▶ **What you are asked to do**
Starting at the first line of the data, print every line up to and including the one with "Transit Auto - KGS-102326", but no pictures.

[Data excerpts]

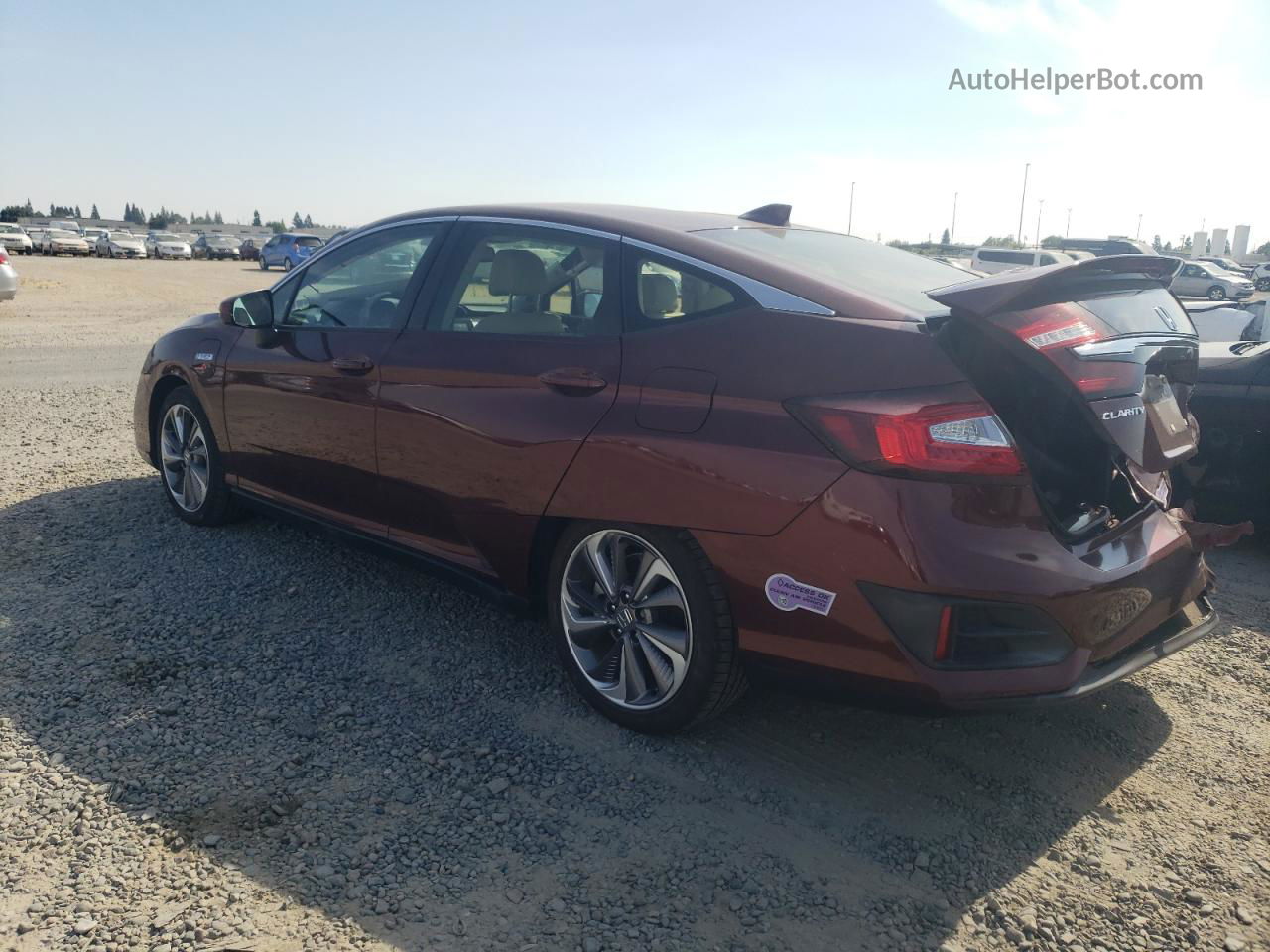 2018 Honda Clarity  Maroon vin: JHMZC5F16JC010171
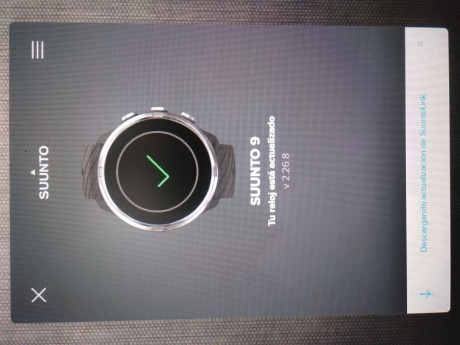 Reloj para montaña y atletismo, trail running, gimnasio, etc Suunto 9. Pantalla y armis impoluta , sin 00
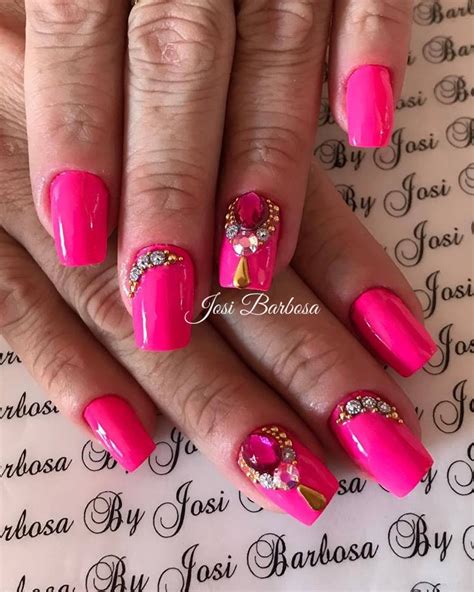 32 Modelos de unhas maravilhosas decoradas jóias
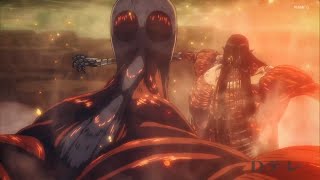 EREN VS ARMIN COLOSSAL TITAN AOT FINAL SEASON [upl. by Ennaoj156]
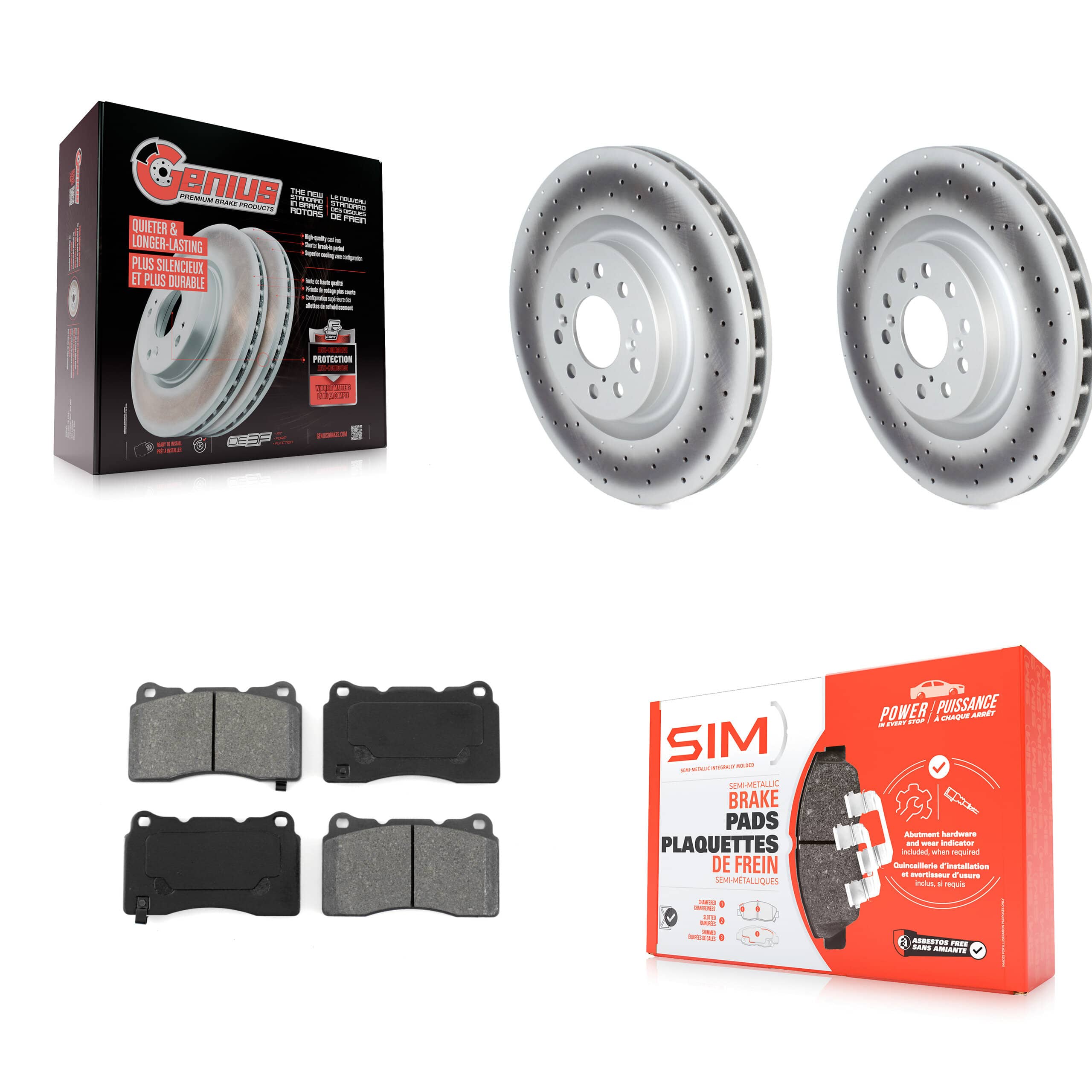 Transit Auto - KGS-102326 - Front Disc Brake Kits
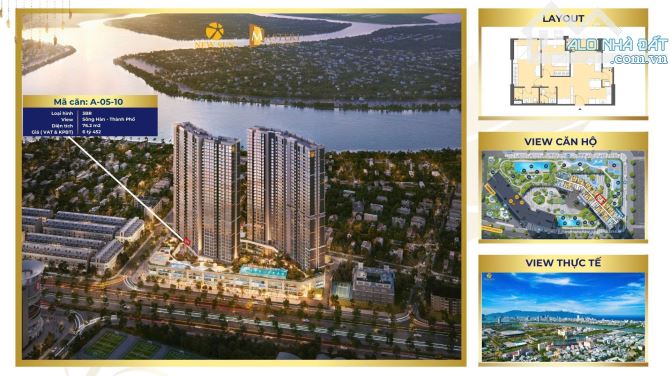Căn 2PN hướng Nam mát mẻ Masteri Rivera Đà Nẵng, giá và chính sách tốt nhất thị trường - 6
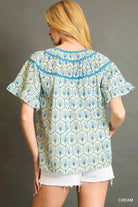 Hadley Eyelet Fabric Top - Cream | Umgee - Umgee Top - Jimberly's Boutique - Olive Branch - Mississippi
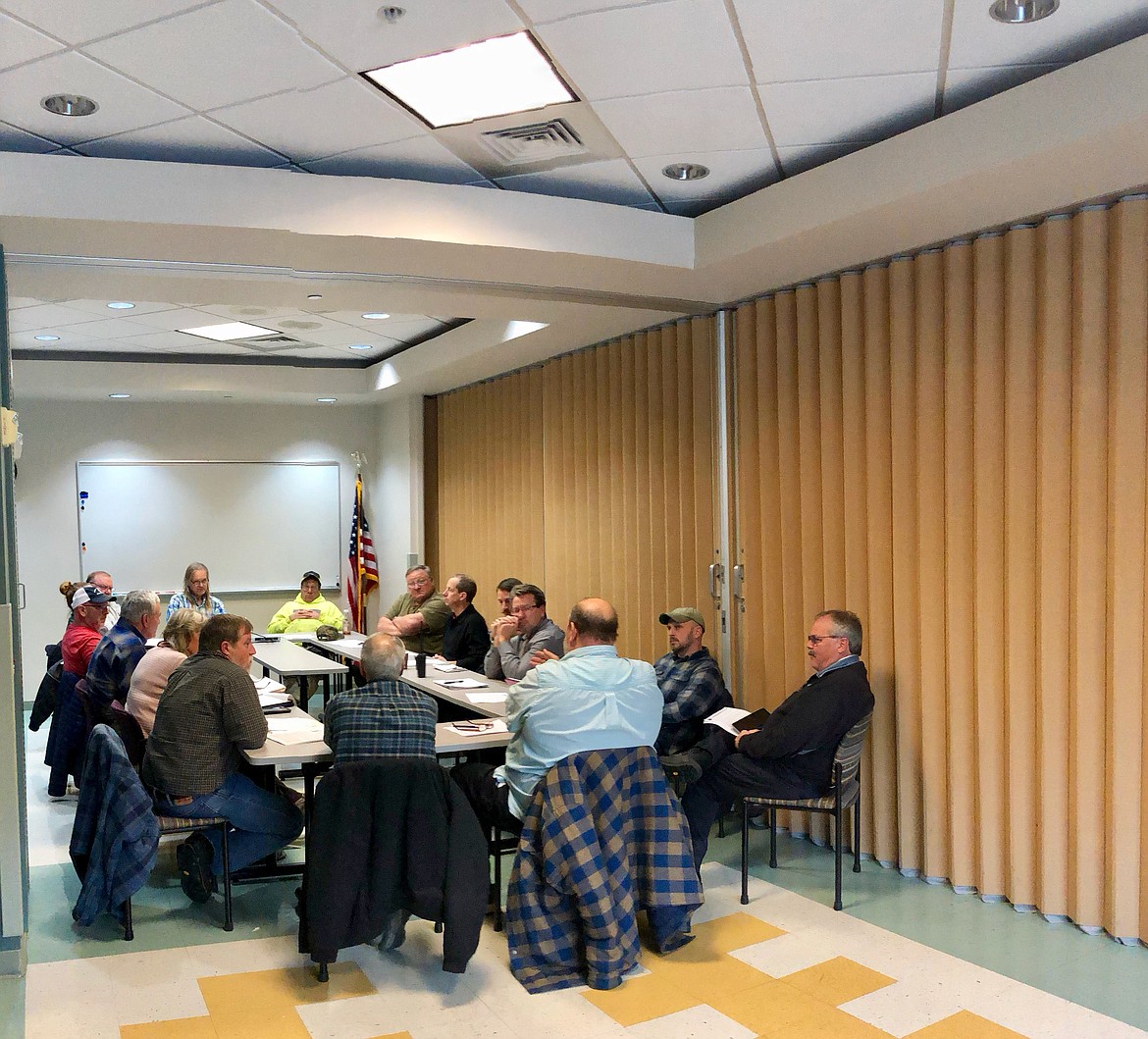 Photo by JOSH McDONALD
The Shoshone Board of County Commissioners sat down with members of the Shoshone County emergency services community at Shoshone Medical Center to further discuss a resolution concerning the EMS Corp.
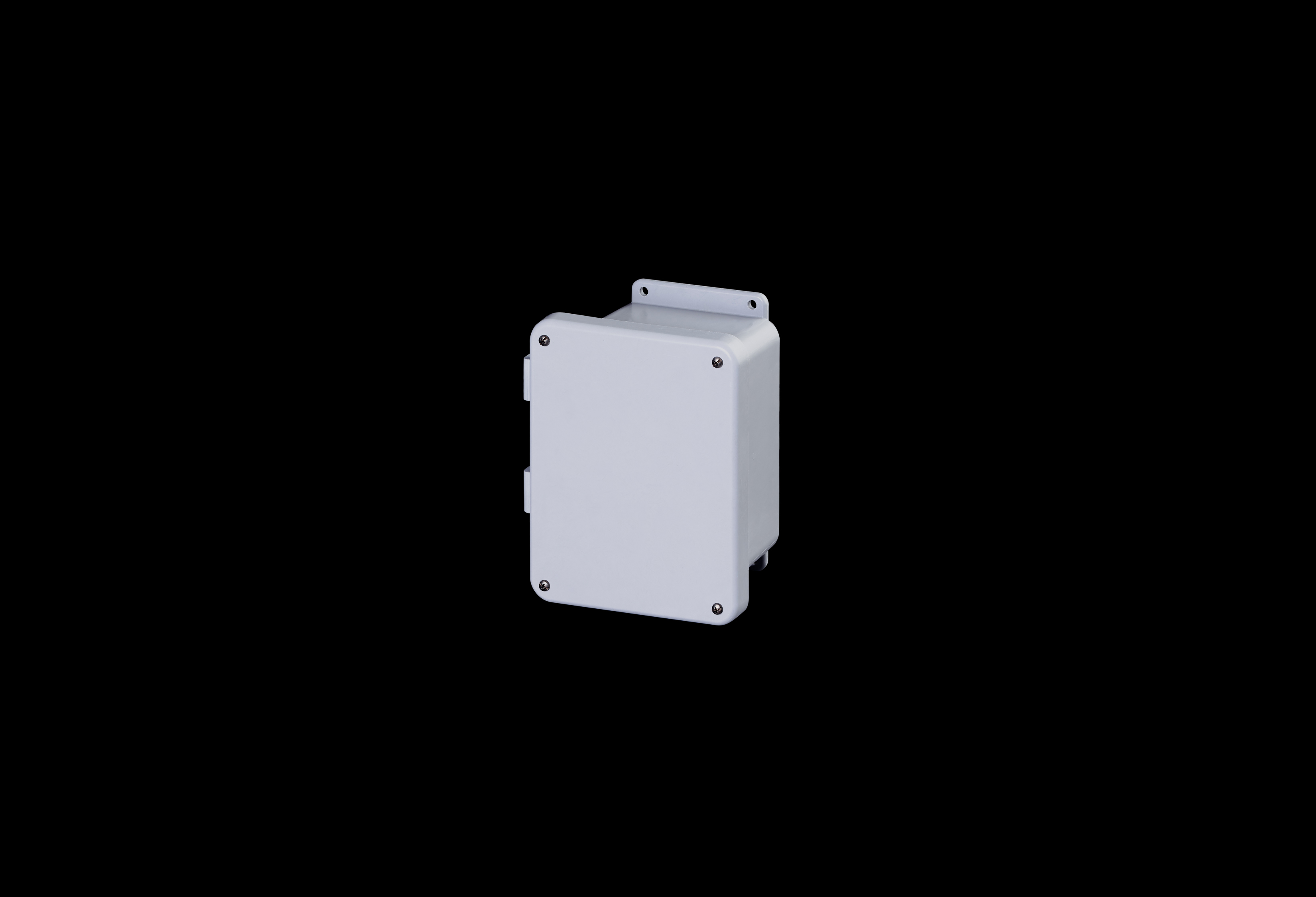 Fiberglass Enclosure 8 x 6 x 4 Inches J Series  with Fiberglass Hinged, Screw Down Opaque Cover by Stahlin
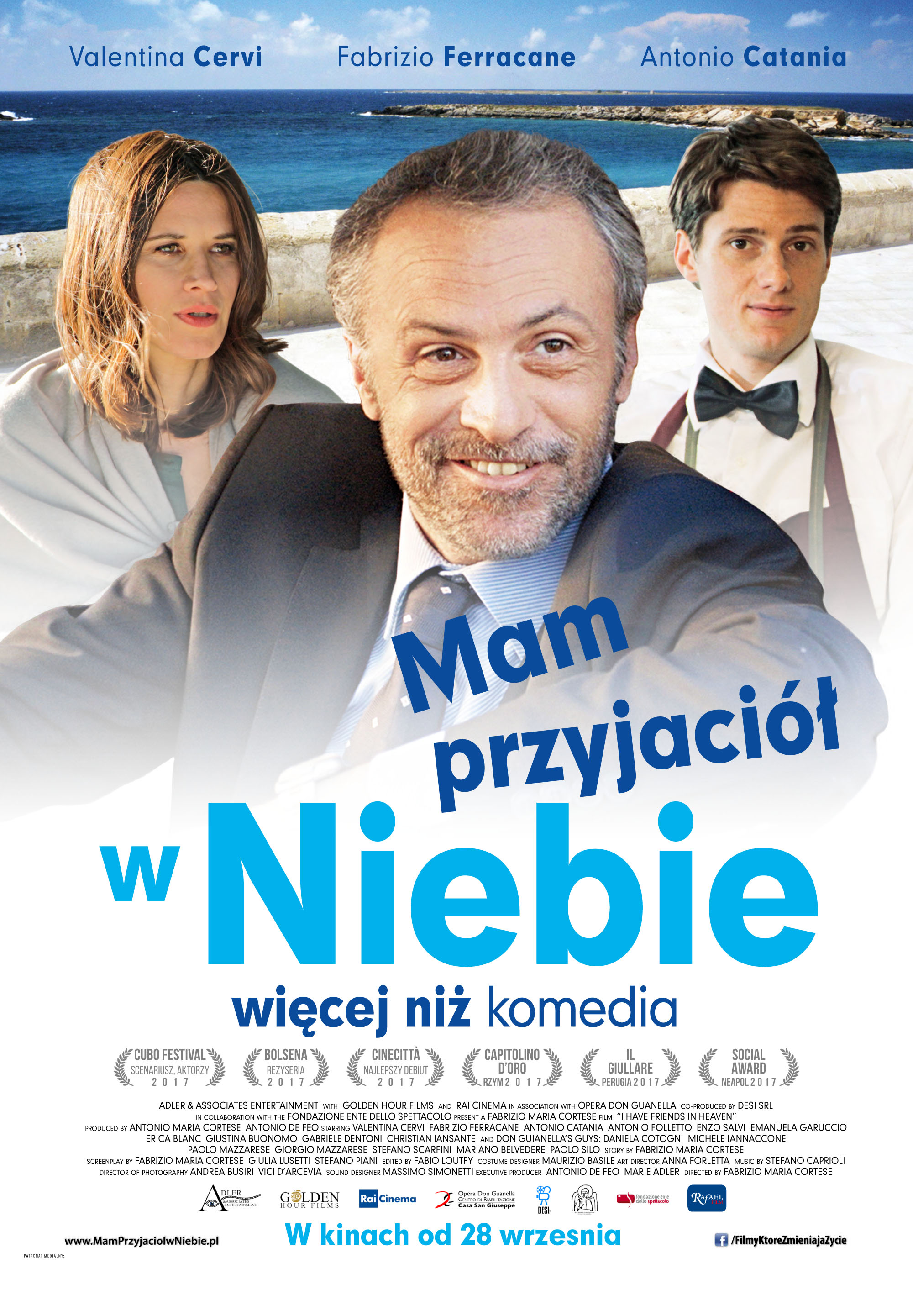 Polski plakat filmu 'Mam przyjaciół w niebie'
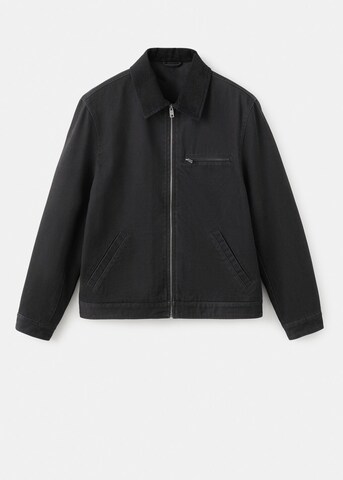 MANGO MAN Between-Season Jacket 'Remy' in Black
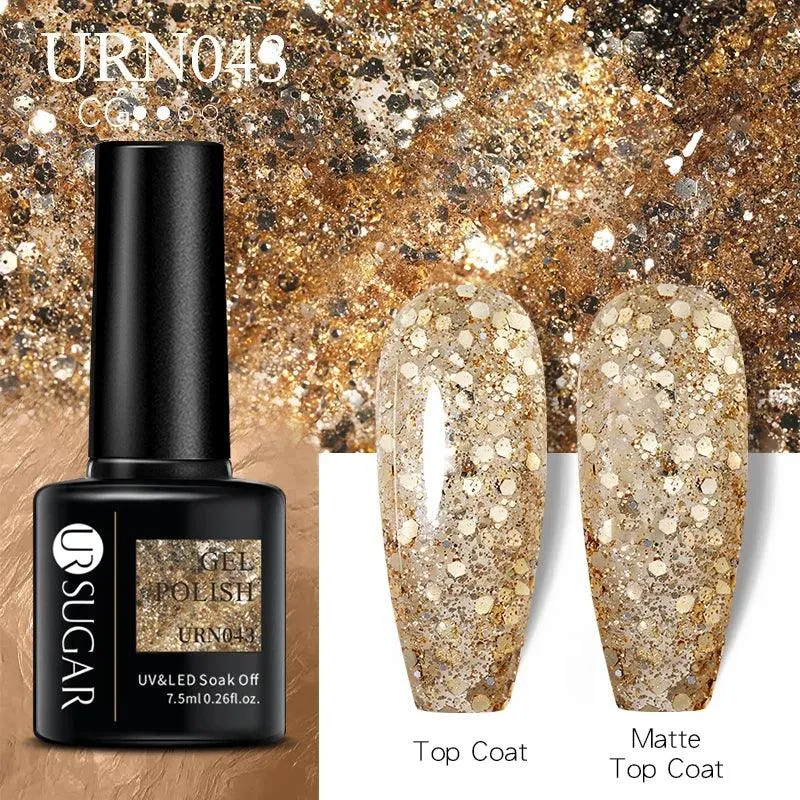 Black Red Glitter UV Gel Nail Polish: Dazzle with Professional Quality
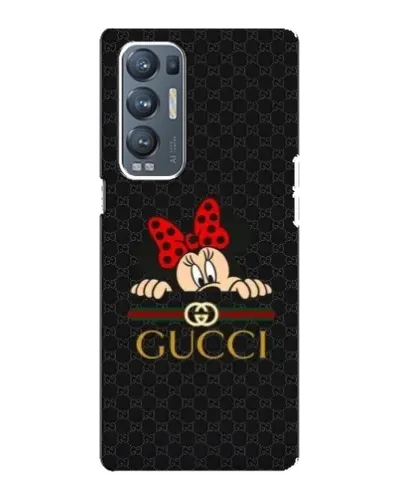 Чехол для OPPO Reno5 Pro Plus (5G) с картинкой «Минни Маус Gucci — черный»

▶ **Response to this exercise**
 2018 Honda Clarity  Maroon vin: JHMZC5F16JC010171
 Reloj para montaña y atletismo, trail running, gimnasio, etc Suunto 9. Pantalla y armis impoluta , sin 00
 32 Modelos de unhas maravilhosas decoradas jóias
 EREN VS ARMIN COLOSSAL TITAN AOT FINAL SEASON [upl. by Ennaoj156]
 Transit Auto - KGS-102326 - Front Disc Brake Kits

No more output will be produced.